In the pic you can see a good example of that. This is a little temple you can find in the gardens of the former Royal Palace, as you enter, at the right hand side.
I tried to enter, but it was closed.
Making Daily Offerings to Monks
In Laos, like all other Theravada Buddhist countries, there is a daily ritual whereby the monks and novices go out on an early morning procession around their temple to collect their day's food offerings from the local devotees. The ritual is more than just symbolic, as monks and novices are not allowed to cook for themselves, and they sustain themselves entirely on the food that they collect each day.
Anyone is welcome to take part in the food offering, and so my wife and I got up at sunset one morning in Luang Prabang in order to make our offerings. Most of locals prepare the Lao staple of sticky rice, but not having a means to cook, we simply passed out cookies that we bought at a local market. It may sound funny, but most of the novices are young boys, and they like sweets just as much as any other kid.
My wife says that it was a very moving, spiritual experience for her, but it just reminded me of a bunch of children trick-or-treating on Halloween, that is if every child wore the same Buddhist monk costume.
Mountain biking is a prime activity in Luang Prabang due to the... well due to the steep jungle mountains surrounding town. There are many ways you can go about arranging a mountain bike excursion from Luang Prabang. You could rent the bike yourself and try to navigate the homogeneous dirt roads passing through practically identical villages without getting lost. It's really not the ideal place to stop and ask for directions.

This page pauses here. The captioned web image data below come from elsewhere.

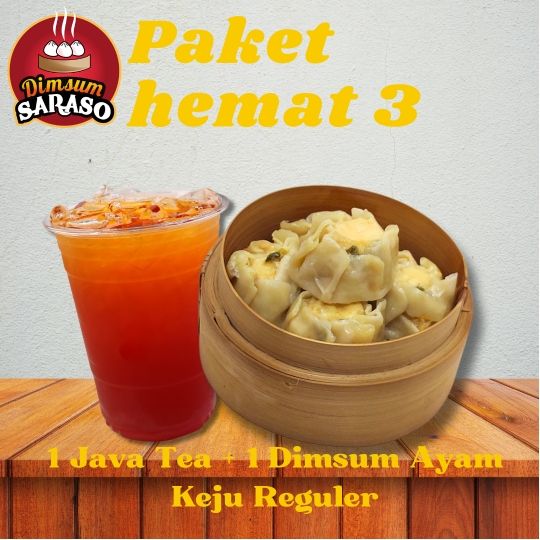 Paket Hemat 3
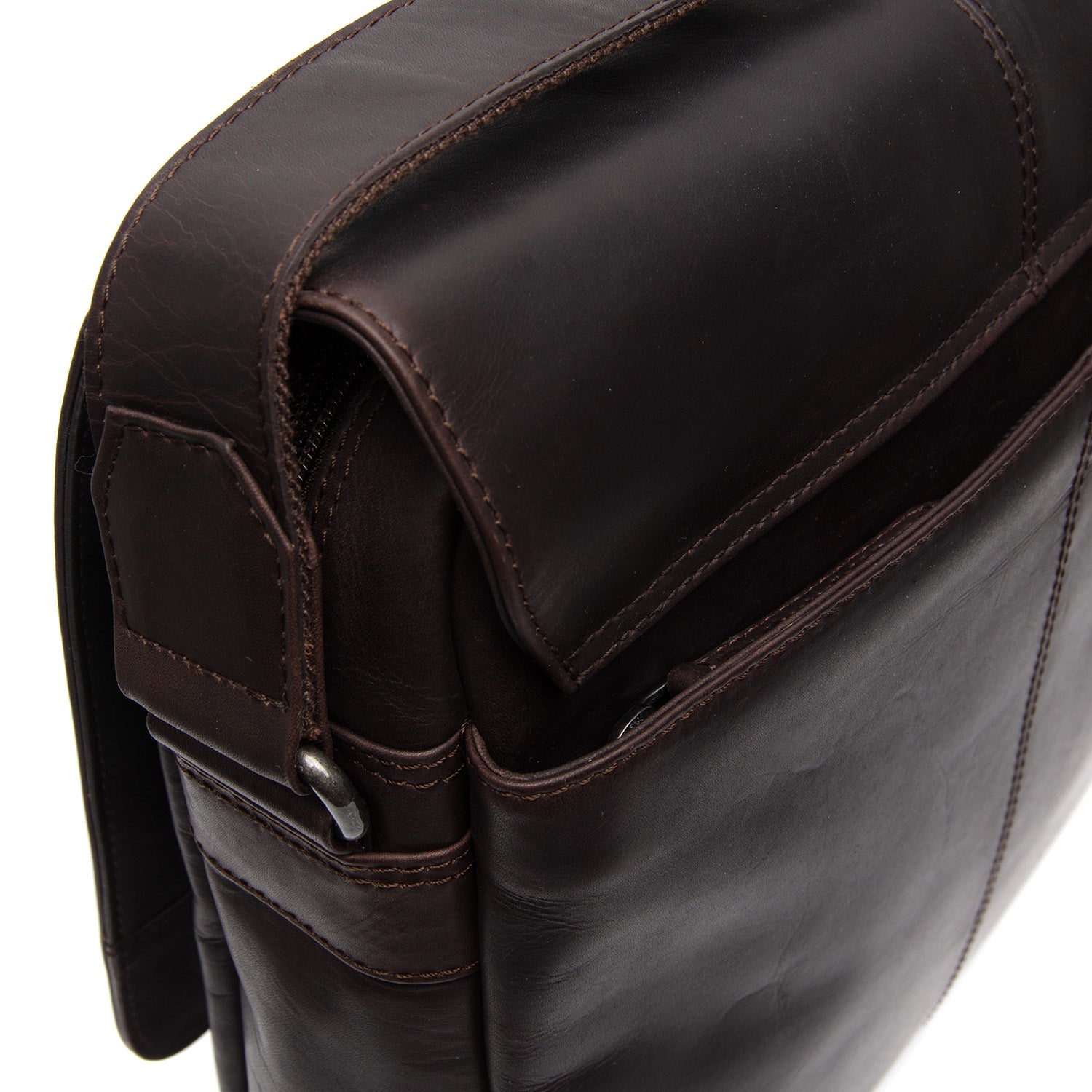 The Chesterfield Brand Raphael Axelremsväska, Brun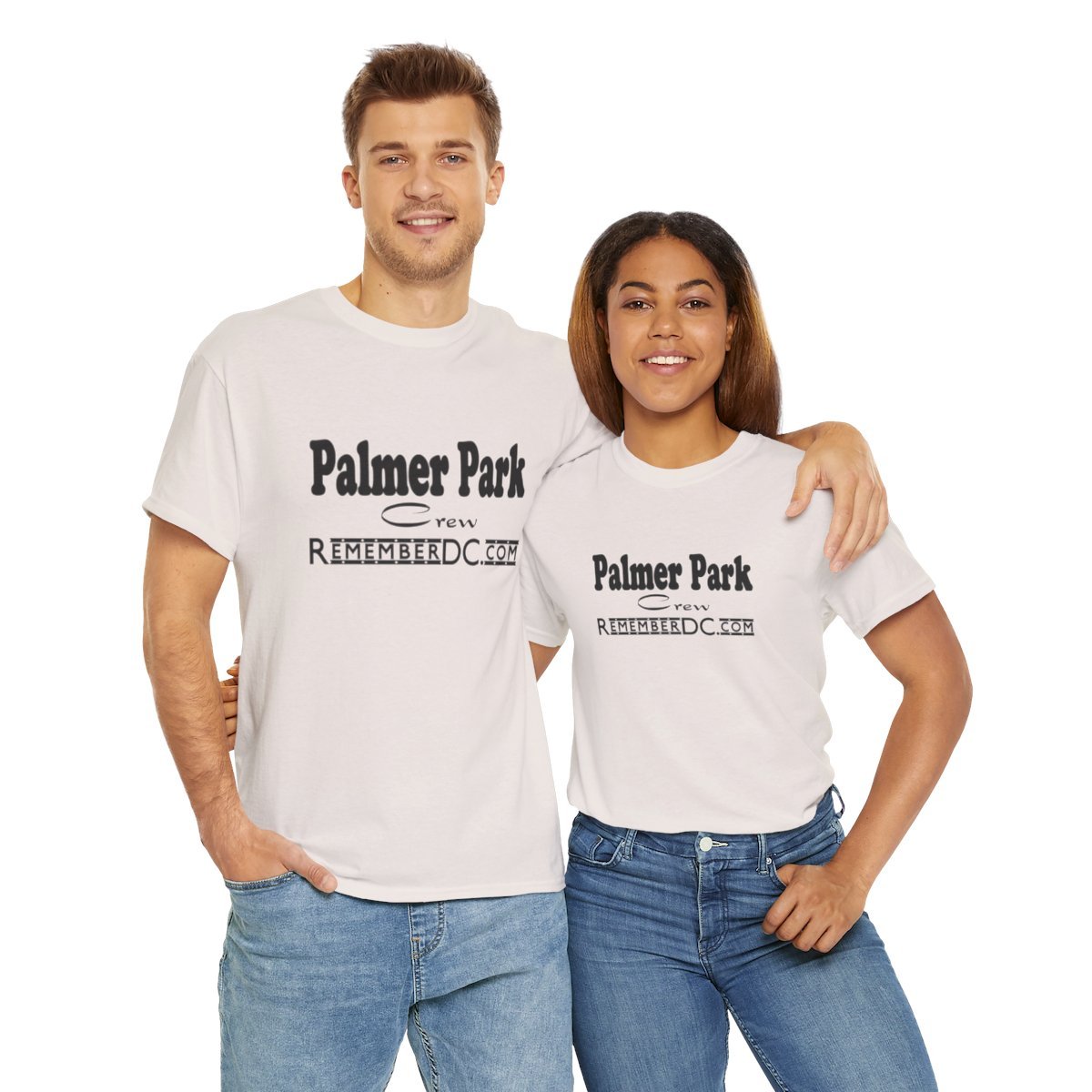 *Tee - Palmer Park Crew – Remember DC! 13 Color Options - Image 34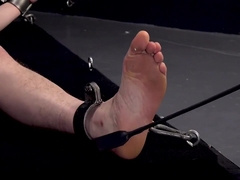 Teenage Dominated By Teenage Bondage Top That He Bullied Gay Bdsm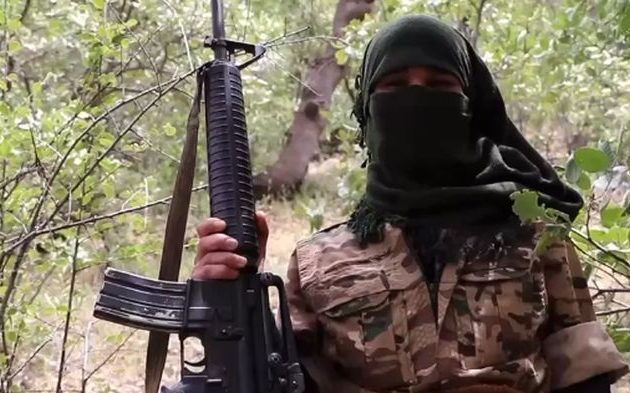 Οι Κούρδισσες αντάρτισσες YJA Star θερίζουν τους Τούρκους στα βουνά του ιρακινού Κουρδιστάν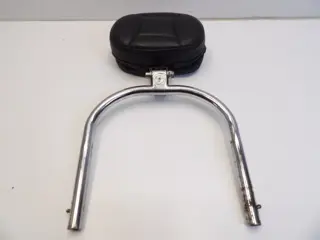 RUGSTEUN SISSYBAR Harley Davidson Touring 2000 - 2017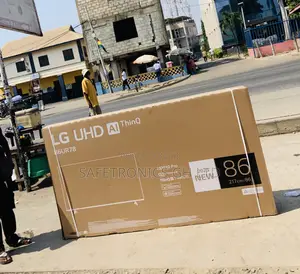 Shop Lg 86 Inch Smartscreen Uhd Uq90 Tv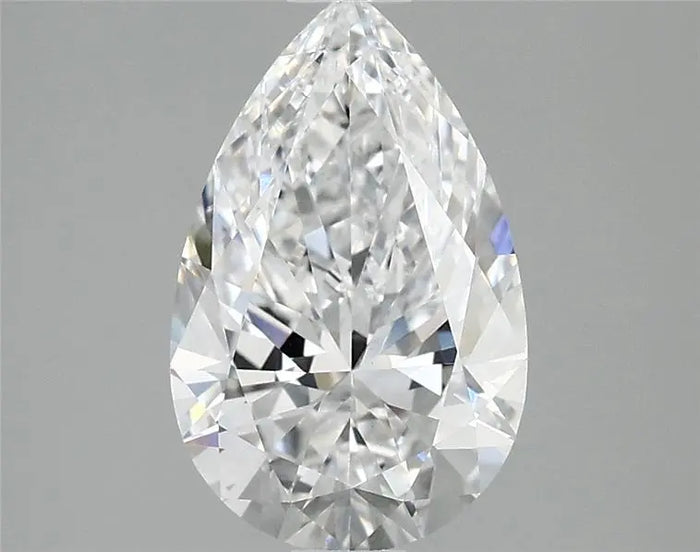 1.98 Carat · PEAR · D · VS1 · IGI · Excellent Cut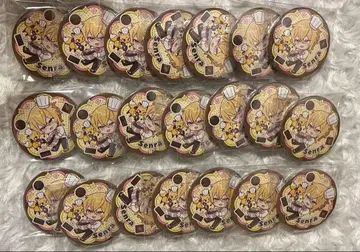 센라 Brun 캔뱃지 센완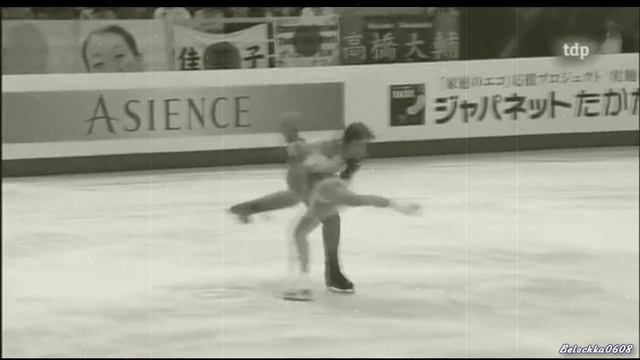 Tatiana Volosozhar - Maxim Trankov - Така, як ти (montage) смотреть онлайн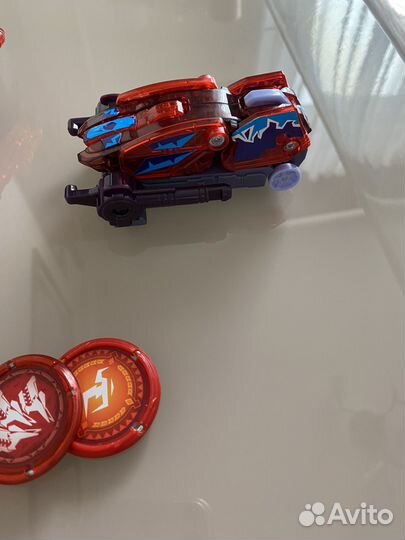 Дикие скричеры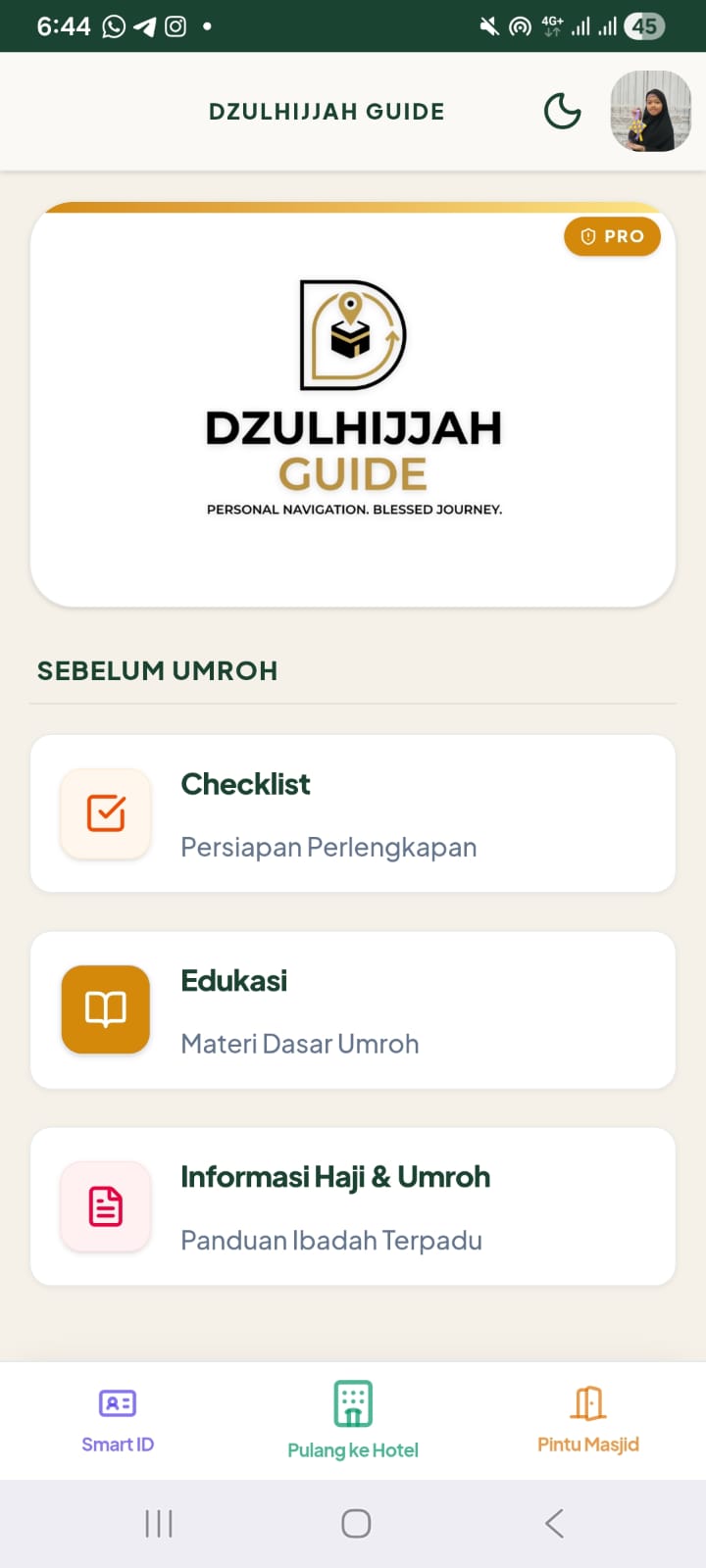 Tawaf Guide Screenshot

The other option is to choose from a plethora of adventure tour companies in Luang Prabang. I opted for a daylong excursion with Green Discovery. I paid $24 and the itinerary included about 3 hours of cross country biking in the morning with stops at a silk and cotton weaving village and the grave of Henri Mouhot (the Frenchman who red-discovered Angkor Wat) before transferring to inflatable kayaks. We kayaked to the Tad Sae waterfall, where we swam and ate lunch for over an hour, and then proceeded to kayak for another two hours to meet up with the truck that transferred us back to town.
The following day I left on a three day tour with White Elephant Adventures. The first day comprised of about 6 hours of cross country biking, with numerous stops in local villages.
I'm usually averse to bikes and the discomfort they cause me in my nether region, but I really enjoyed these trips. The pitches weren't too steep, though the uphills could be strenuous at times, especially in the heat. The scenery of Northern Laos is fantastic, with sharp mountains everywhere and villagers yelling encouragement (at least that what the guides said) along the way.
I road on 9 speed bikes (Gary Fisher and Trek, respectively) on each trip. Everyone got helmets and plenty of water and the guides spoke English well in addition to acting responsibly towards their groups. There were plenty of other non-bikers on both outings and no one had any problems meeting the physical demands. Bring some sunscreen, sunglasses, preferably some kind of wicking material clothing, and a camera. I rode in Tevas, so sneakers aren't necessary.
Tat Sey Waterfalls
The Tat Sey waterfalls are about 25 km out of Luang Prabang so you have to use bikes and get a boat to get to them. A group of us went there for a picnic and did a little bit of swimming in the ponds. The multi-tiered falls are really nice and would be more impressive during or just after the wet season.